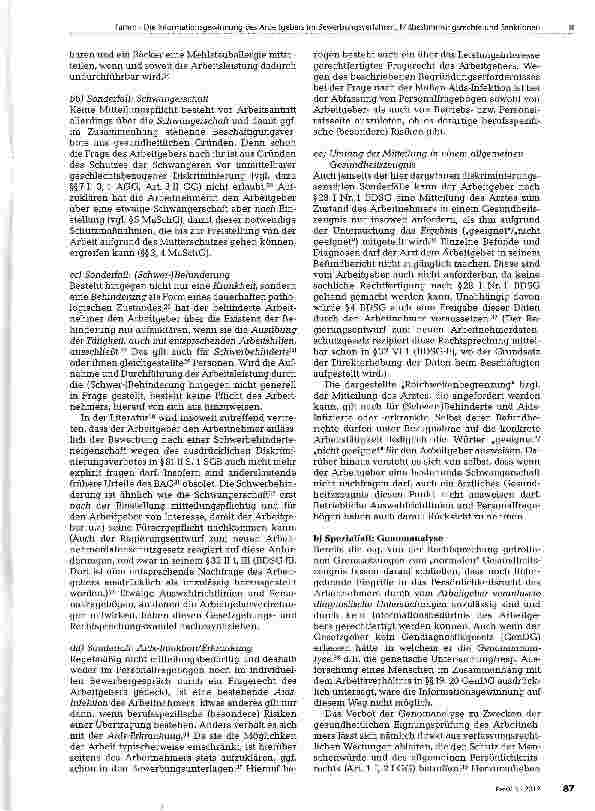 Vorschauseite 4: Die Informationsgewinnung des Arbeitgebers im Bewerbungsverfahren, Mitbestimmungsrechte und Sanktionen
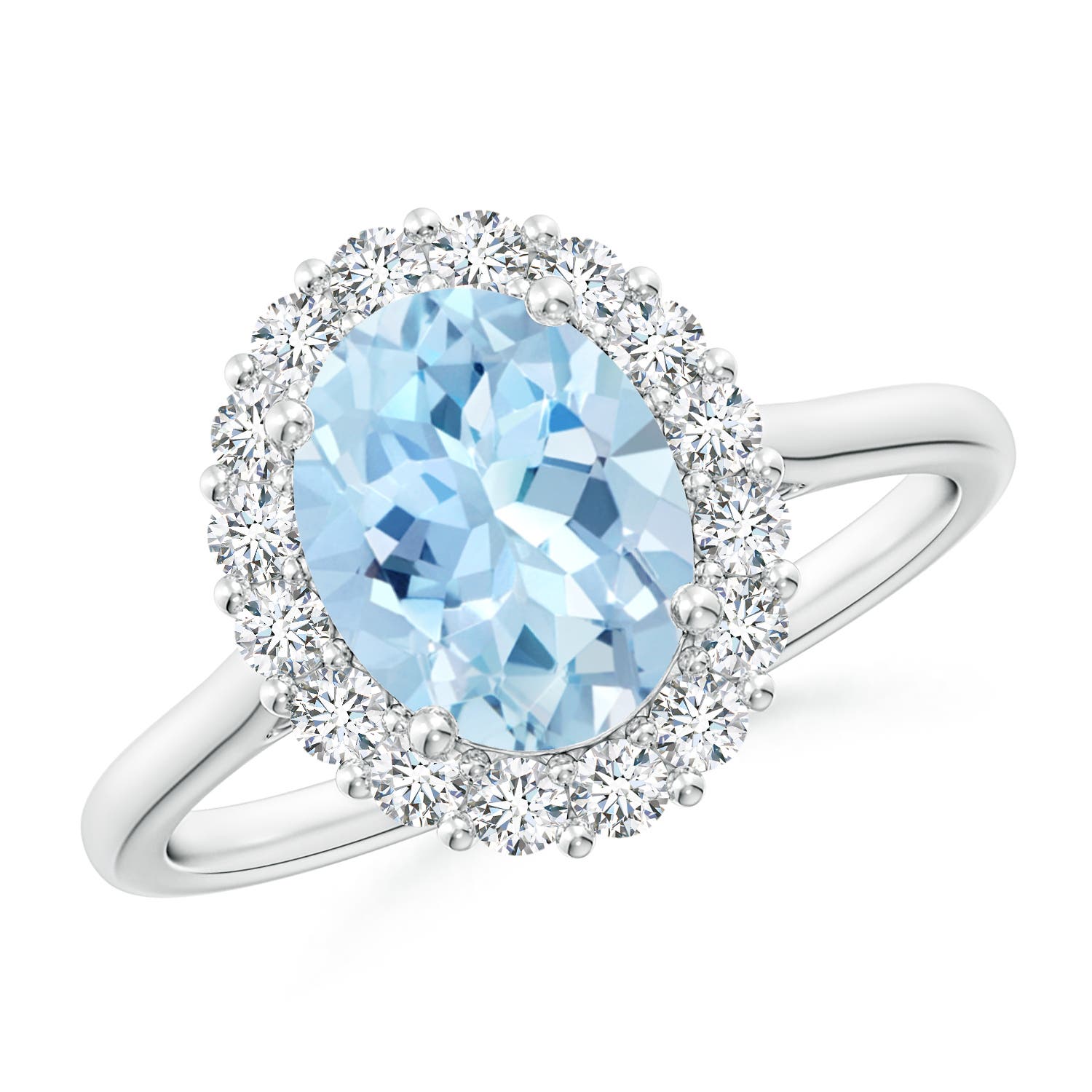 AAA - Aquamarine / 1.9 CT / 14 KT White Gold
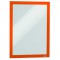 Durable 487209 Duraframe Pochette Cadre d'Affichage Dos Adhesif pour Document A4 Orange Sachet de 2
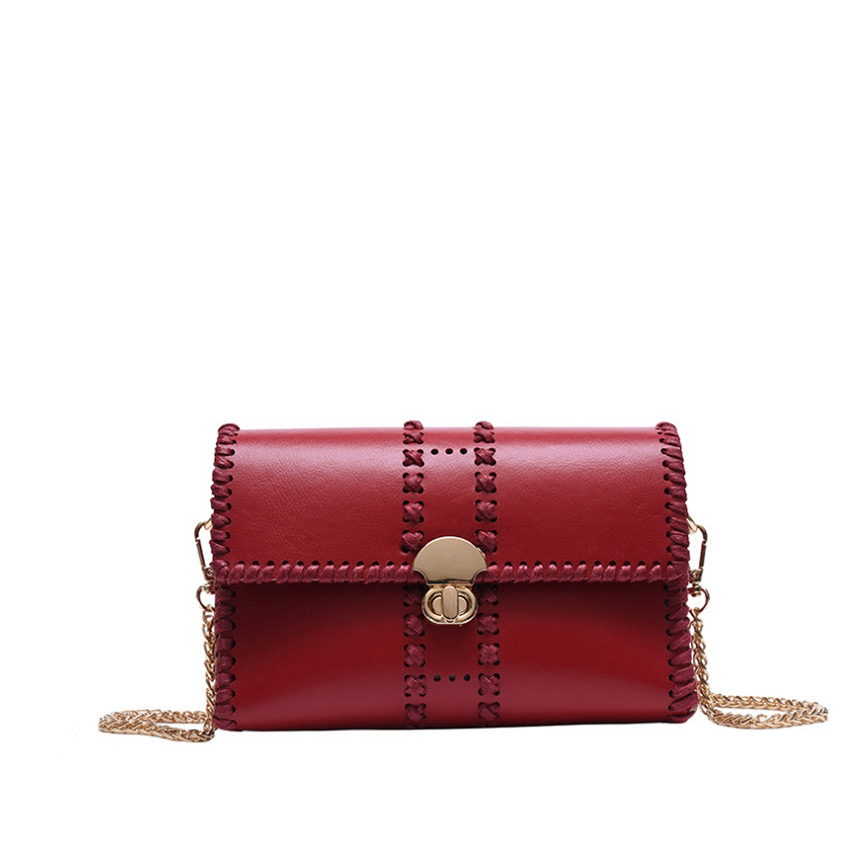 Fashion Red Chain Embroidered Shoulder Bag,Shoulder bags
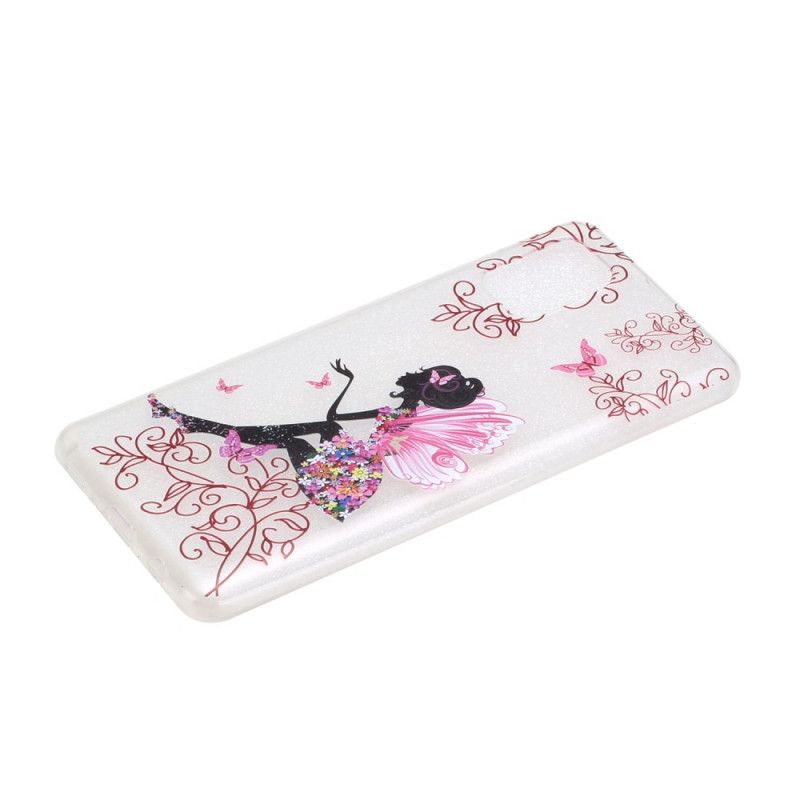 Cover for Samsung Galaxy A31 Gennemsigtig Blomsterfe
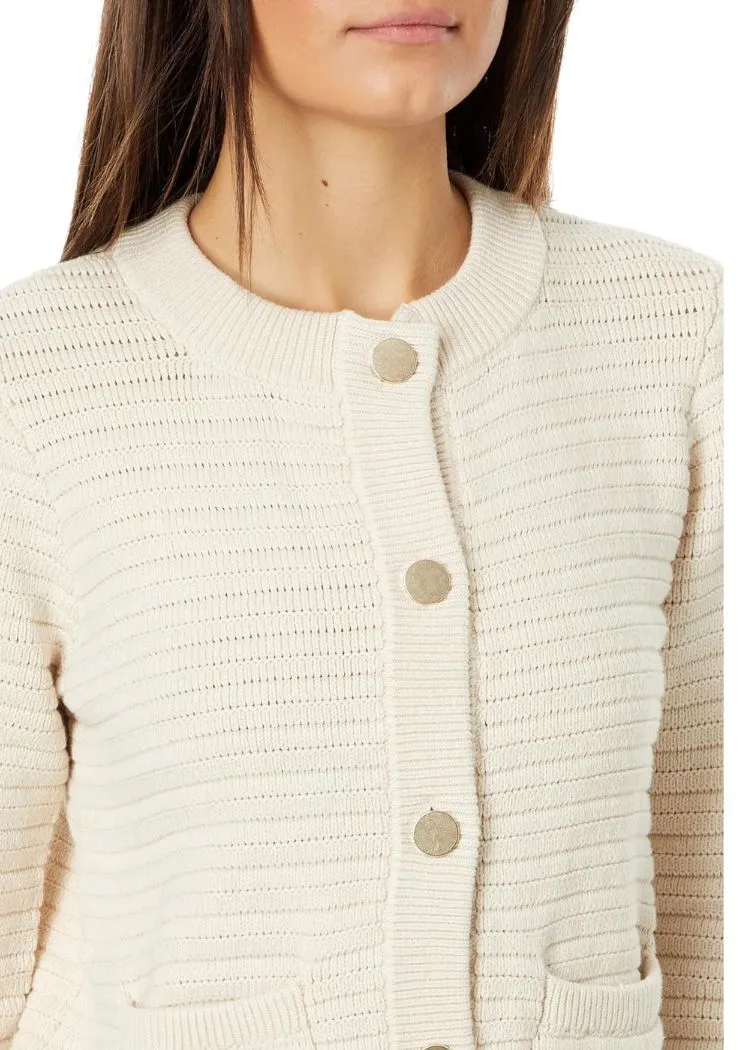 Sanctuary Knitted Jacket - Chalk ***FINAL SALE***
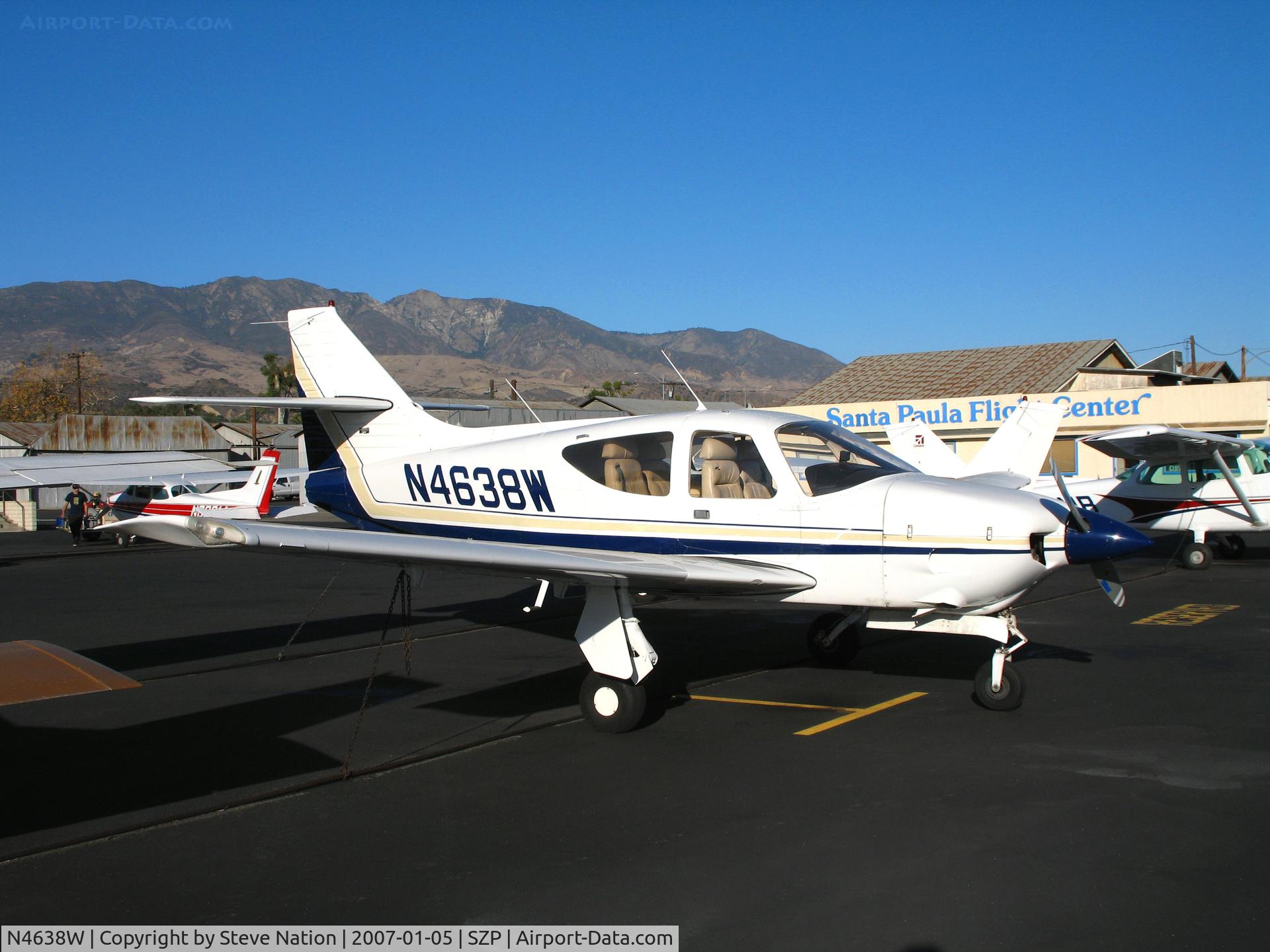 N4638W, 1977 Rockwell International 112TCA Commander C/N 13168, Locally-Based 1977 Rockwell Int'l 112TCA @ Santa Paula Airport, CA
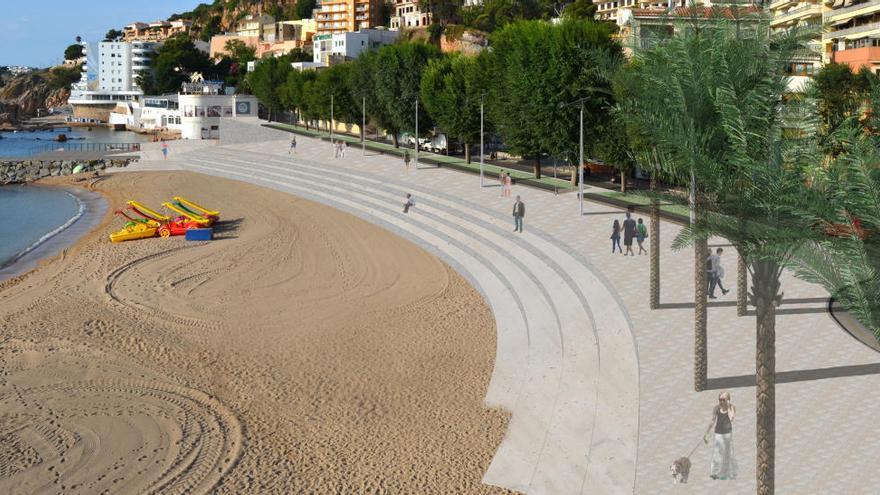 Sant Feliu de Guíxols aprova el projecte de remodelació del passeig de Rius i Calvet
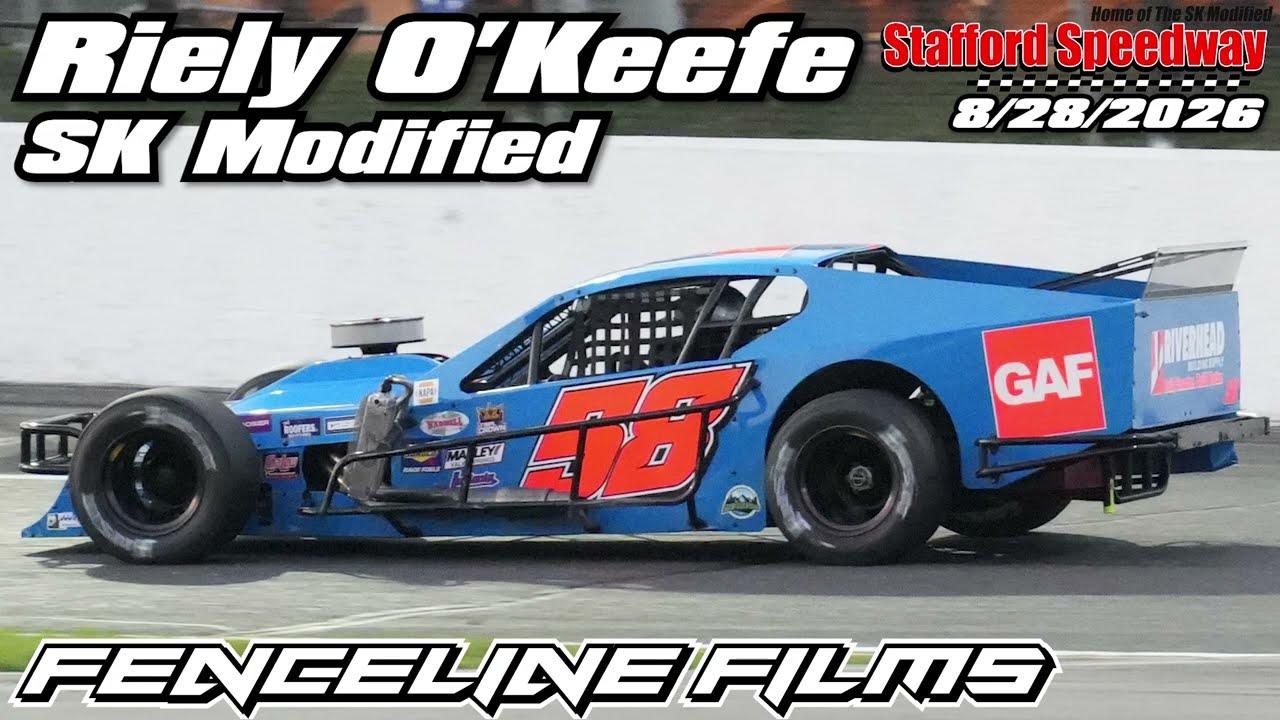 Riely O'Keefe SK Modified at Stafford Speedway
# # #
▶ _Problem requirements_
Your answer is an exact copy of the records above, stripped of pictures.

▶ _Result below_
 Vorschauseite 4: Die Informationsgewinnung des Arbeitgebers im Bewerbungsverfahren, Mitbestimmungsrechte und Sanktionen
 AAA - Aquamarine / 1.9 CT / 14 KT White Gold
 Durable 487209 Duraframe Pochette Cadre d'Affichage Dos Adhesif pour Document A4 Orange Sachet de 2
 Fashion Red Chain Embroidered Shoulder Bag,Shoulder bags
 Cover for Samsung Galaxy A31 Gennemsigtig Blomsterfe
 Sanctuary Knitted Jacket - Chalk ***FINAL SALE***
 N4638W, 1977 Rockwell International 112TCA Commander C/N 13168, Locally-Based 1977 Rockwell Int'l 112TCA @ Santa Paula Airport, CA
 Sant Feliu de Guíxols aprova el projecte de remodelació del passeig de Rius i Calvet
 Riely O'Keefe SK Modified at Stafford Speedway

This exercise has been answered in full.